Natural selection was a very simple and convincing hypothesis. Darwin had observed differences in the beaks of the birds on the different Galapagos islands. Soon other naturalists—what today we call biologists—would observe and confirm his findings in animals and plants, fungi, protists (what we once called protozoa), and much simpler organisms, such as bacteria and viruses.

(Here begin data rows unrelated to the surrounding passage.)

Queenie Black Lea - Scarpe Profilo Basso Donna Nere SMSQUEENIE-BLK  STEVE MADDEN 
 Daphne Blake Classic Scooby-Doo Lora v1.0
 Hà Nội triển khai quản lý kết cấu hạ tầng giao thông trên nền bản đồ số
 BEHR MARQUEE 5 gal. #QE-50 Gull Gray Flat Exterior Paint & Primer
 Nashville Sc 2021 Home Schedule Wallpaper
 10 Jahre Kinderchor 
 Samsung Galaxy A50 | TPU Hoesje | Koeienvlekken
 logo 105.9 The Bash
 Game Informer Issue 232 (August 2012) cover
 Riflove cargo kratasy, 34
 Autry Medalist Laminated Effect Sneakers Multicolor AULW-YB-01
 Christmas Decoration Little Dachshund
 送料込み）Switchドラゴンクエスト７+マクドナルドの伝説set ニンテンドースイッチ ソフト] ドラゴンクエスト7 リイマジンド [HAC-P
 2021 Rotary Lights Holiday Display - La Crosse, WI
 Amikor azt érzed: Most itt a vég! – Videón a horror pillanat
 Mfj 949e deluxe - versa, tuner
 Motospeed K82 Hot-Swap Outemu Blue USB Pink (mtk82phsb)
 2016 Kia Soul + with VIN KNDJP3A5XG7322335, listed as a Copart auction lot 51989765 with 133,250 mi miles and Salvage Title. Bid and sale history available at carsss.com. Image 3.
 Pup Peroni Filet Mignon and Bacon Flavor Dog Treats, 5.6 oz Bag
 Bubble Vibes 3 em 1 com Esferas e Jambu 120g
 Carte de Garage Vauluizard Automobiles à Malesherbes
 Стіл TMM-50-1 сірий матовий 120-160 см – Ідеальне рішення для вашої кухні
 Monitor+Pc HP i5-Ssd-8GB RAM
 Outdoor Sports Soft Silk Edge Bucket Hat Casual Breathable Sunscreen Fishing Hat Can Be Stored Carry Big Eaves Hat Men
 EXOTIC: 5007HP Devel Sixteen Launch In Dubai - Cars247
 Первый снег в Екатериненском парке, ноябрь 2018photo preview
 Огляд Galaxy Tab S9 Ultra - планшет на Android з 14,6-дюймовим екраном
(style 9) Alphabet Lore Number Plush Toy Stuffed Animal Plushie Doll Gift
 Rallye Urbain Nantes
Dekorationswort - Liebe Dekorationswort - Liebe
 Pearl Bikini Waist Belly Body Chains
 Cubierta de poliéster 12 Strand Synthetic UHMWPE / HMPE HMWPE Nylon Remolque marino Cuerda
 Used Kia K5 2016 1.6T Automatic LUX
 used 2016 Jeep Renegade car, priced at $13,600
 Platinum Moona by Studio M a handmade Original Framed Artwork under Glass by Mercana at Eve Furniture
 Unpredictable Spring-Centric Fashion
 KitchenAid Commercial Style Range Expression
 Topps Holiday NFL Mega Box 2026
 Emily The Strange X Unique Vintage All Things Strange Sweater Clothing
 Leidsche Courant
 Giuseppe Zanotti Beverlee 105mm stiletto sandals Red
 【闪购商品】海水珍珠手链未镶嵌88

While many scientists were intrigued by and largely supportive of Darwin's theory, some, such as the distinguished Swiss American Jean Louis Rodolphe Agassiz, who had performed landmark work on glaciers and extinct fishes, were adamantly opposed to any theory of evolution on religious grounds. Darwin's former friend Sir Richard Owen, the renowned naturalist and founder of the Natural History Museum in London, is also presented as opposing evolutionary theory on religious grounds, but it would appear that he had his own theories about it and simply disagreed with Darwin's concept of natural selection combined with gradual change. Darwin was well aware that natural selection could only work if there were mechanisms capable of creating changes in the heredity of living organisms. To put it another way, natural selection requires hereditary variation for it to work. Some of the resistance from within science itself derived from the prevailing lack of understanding about the nature of heredity. In the subsequent opinion of Sir Julian Huxley, grandson of Thomas Henry Huxley, who championed Darwin in his lifetime, it was this lack of understanding in particular that dogged confidence in Darwinian theory as science moved toward the end of the nineteenth century. In the opening chapters of his book, Evolution: The Modern Synthesis, Julian Huxley put his finger on the heart of the problem: “The really important criticisms have fallen upon Natural Selection as an evolutionary principle and centered round the nature of inheritable variation.”